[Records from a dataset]
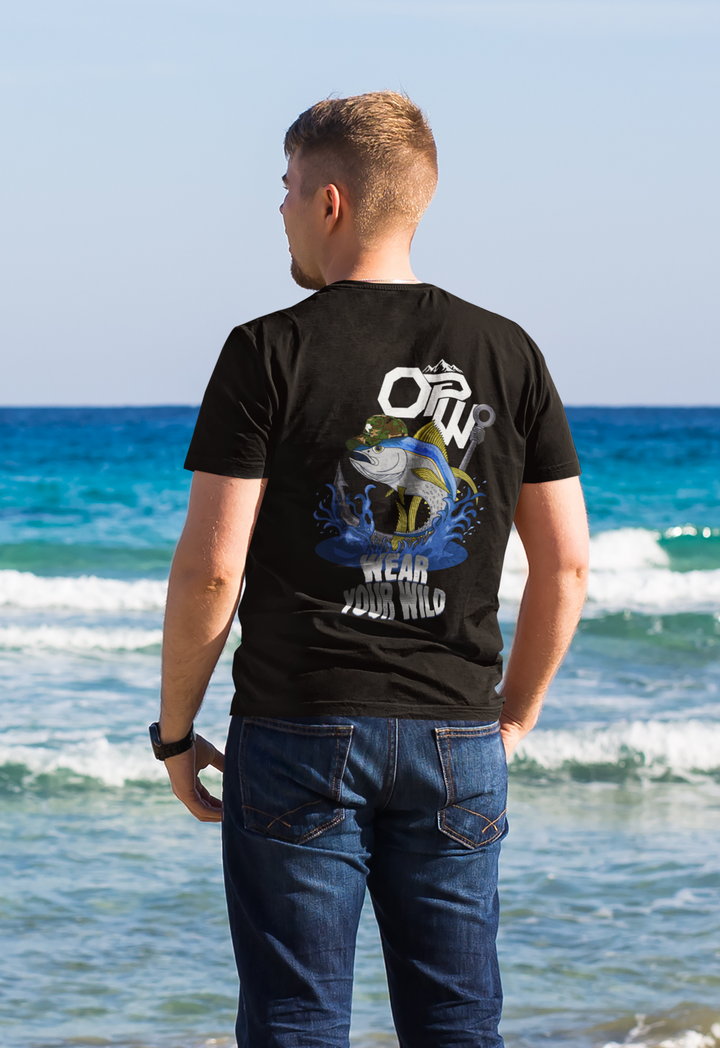 Wear Your Wild Tuna T-Shirt (Dark colors)– Outdoor Pride Wear® Graphic Tee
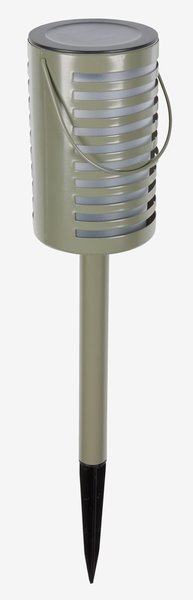 Solar lamp HAVSULE D8xH39cm olive Green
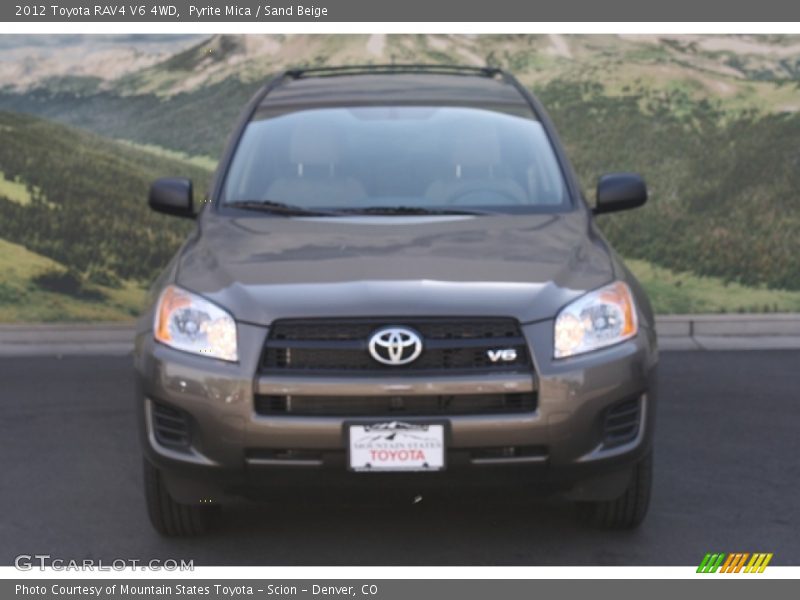 Pyrite Mica / Sand Beige 2012 Toyota RAV4 V6 4WD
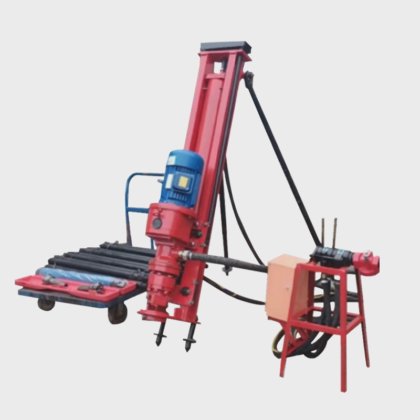 Bergbau-Explorations-Bohranlage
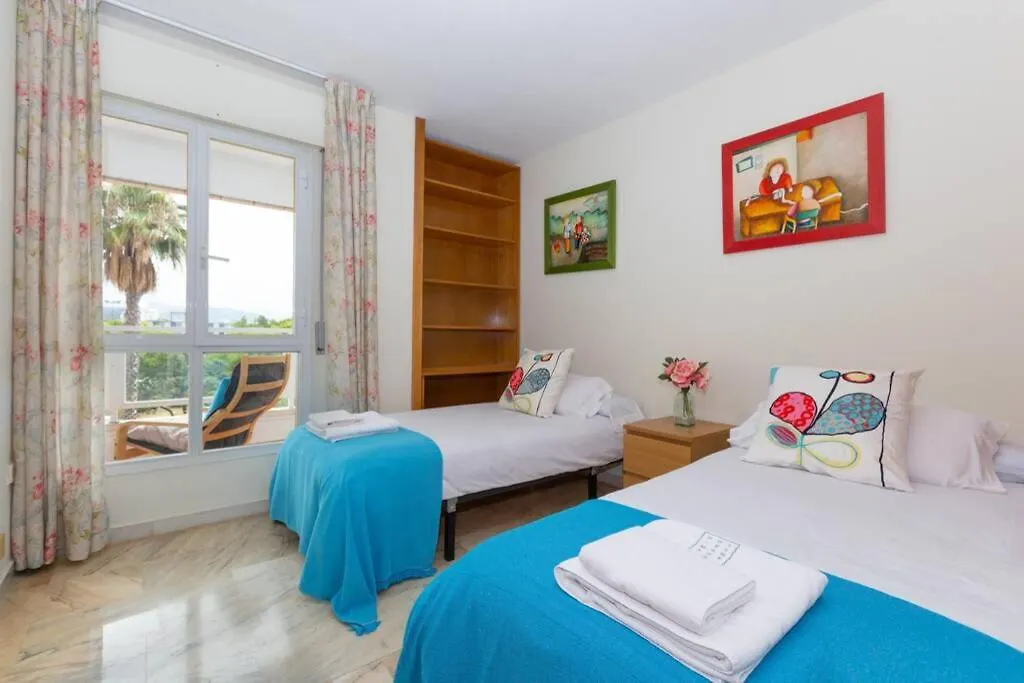 Playa Huelin Apartamento Apartment Malaga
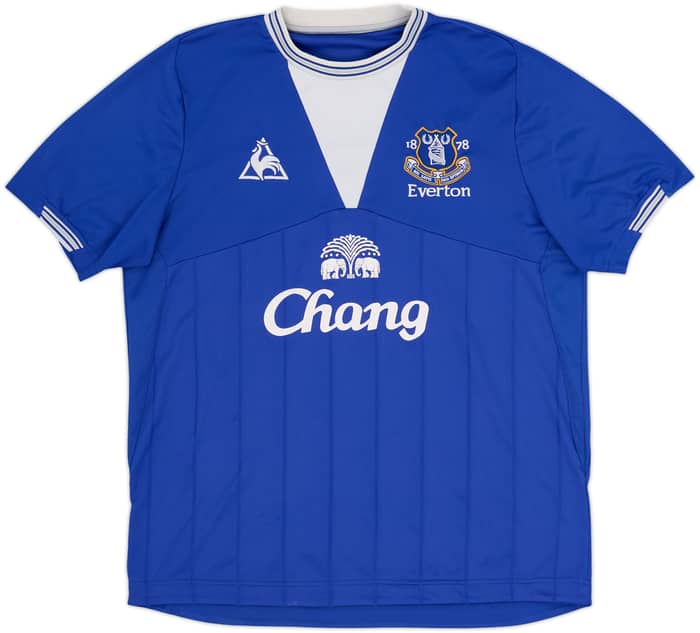 2009-10 Everton Home Shirt Cahill #17 - 6/10 - (L)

» Problem requirements
Print the records word for word and exclude any picture they hold.

» Output for this task
 Wear Your Wild Tuna T-Shirt (Dark colors)– Outdoor Pride Wear® Graphic Tee
 Solar lamp HAVSULE D8xH39cm olive Green
 Pyrite Mica / Sand Beige 2012 Toyota RAV4 V6 4WD
 Bergbau-Explorations-Bohranlage
 Playa Huelin Apartamento Apartment Malaga
 2009-10 Everton Home Shirt Cahill #17 - 6/10 - (L)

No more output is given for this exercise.